|Some of our beers at the Cantina|
Beer, however, has been making a lot of noise in the last decade in Italy. No longer regulated to it's prize post as the beverage of choice of Italians while eating pizza (wine, no, but beer is a pizza must), the craft beer movement in Italy has been growing steadily in the past several years.
When I met Manuel before moving here, I was actually here to study this trend for my MA in Food Studies at NYU. Traveling around the country, I tasted many different Italian craft beers from Udine to Reggio Calabria (it's a tough life sometimes), and interviewed many Italians and tourists about the craft beer scene in Italy. Back to New York in 2010, using the about to open Eataly brewpub as an example, I studied the export influence of Italian craft beer.
|Beer and cheese, my preference over beer and wine|
|A tripel and a basil blonde, both from Genova|
Having worked at a brewpub in New Jersey for more then a decade and in the beer industry for my entire adult life, I learned early on to appreciate craft beer. I love wine, but my heart belongs to another. I also learned that not everyone wants to give it a chance (my Italian grandfather, for example, was a staunch Coors light drinker in spite of my best efforts to sway him) and that when people come in and order "a beer", you have a great opportunity to introduce them to something new.
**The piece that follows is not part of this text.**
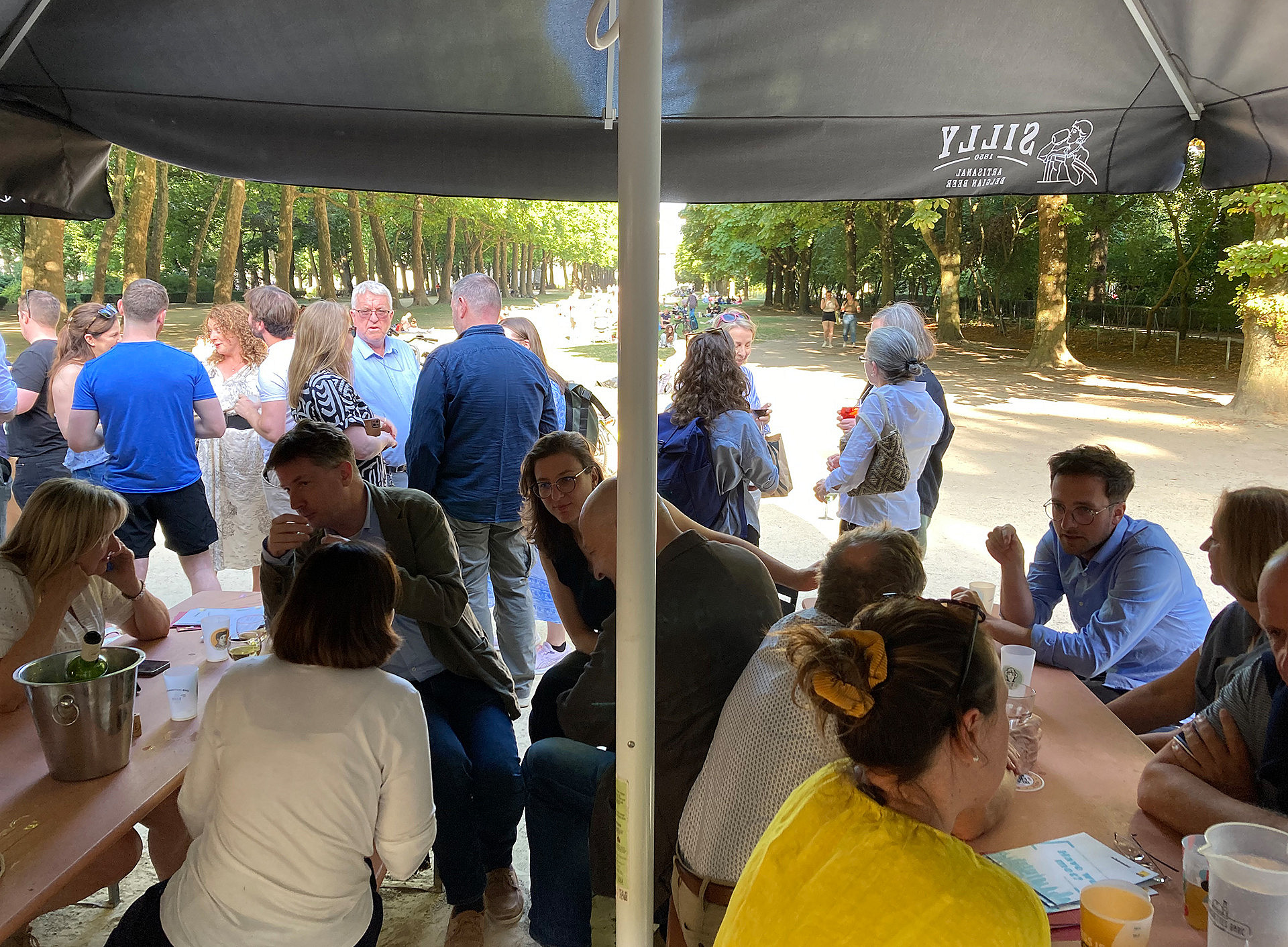 Personen die im Vordergrund auf Holztischen und Holzbänken sitzen, im Hintergrund stehen viele Personen, sie sind in Gespräche vertieft. Im Hintergrund lässt sich ein Park und Bäume erkennen. ©Verena Martelanz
|On tap at Il Bovaro in Florence|
Though here in Italy, Italians are becoming more and more aware and proud of their craft beer movement, many foreigners aren't as aware that they have another completely Italian drink option when on vacation. As much as people associate wine with Italy, beer is just as great of an example of taking the Italian food philosophy and applying it to something. Take what is local, take what you have, and get brewing - hence roasted chestnuts, basil, sardinian wildflower honey, sicilian orange peel, and so forth. Like the United States 20 years ago, the lack of a brewing tradition like a Bavarian Purity Law or some Belgian monks breathing down your neck, means that Italian brewers can take inspiration and styles from all around the world and play with them in their own way, though they certainly love their Indian and American Pale Ales.